- _WHAT IS REQUIRED_
Below are the records; extract from them the line containing "Vintage High Quality" to the line containing "SHEIN 2pcs Women", both lines included, exactly and with no pictures.

- _THE DATA_
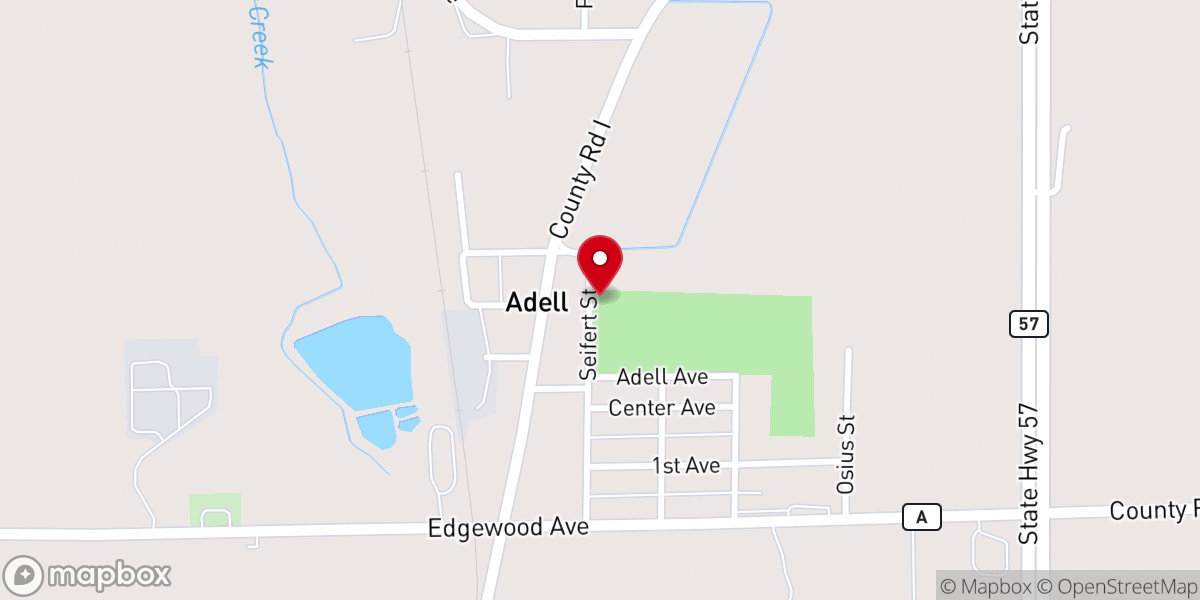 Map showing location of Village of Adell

--

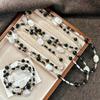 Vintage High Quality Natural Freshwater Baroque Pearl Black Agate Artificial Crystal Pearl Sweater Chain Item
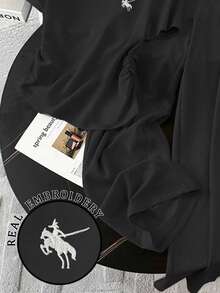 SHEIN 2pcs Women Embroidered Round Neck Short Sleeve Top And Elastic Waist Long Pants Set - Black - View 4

- _THE ANSWER_
 Vintage High Quality Natural Freshwater Baroque Pearl Black Agate Artificial Crystal Pearl Sweater Chain Item
 SHEIN 2pcs Women Embroidered Round Neck Short Sleeve Top And Elastic Waist Long Pants Set - Black - View 4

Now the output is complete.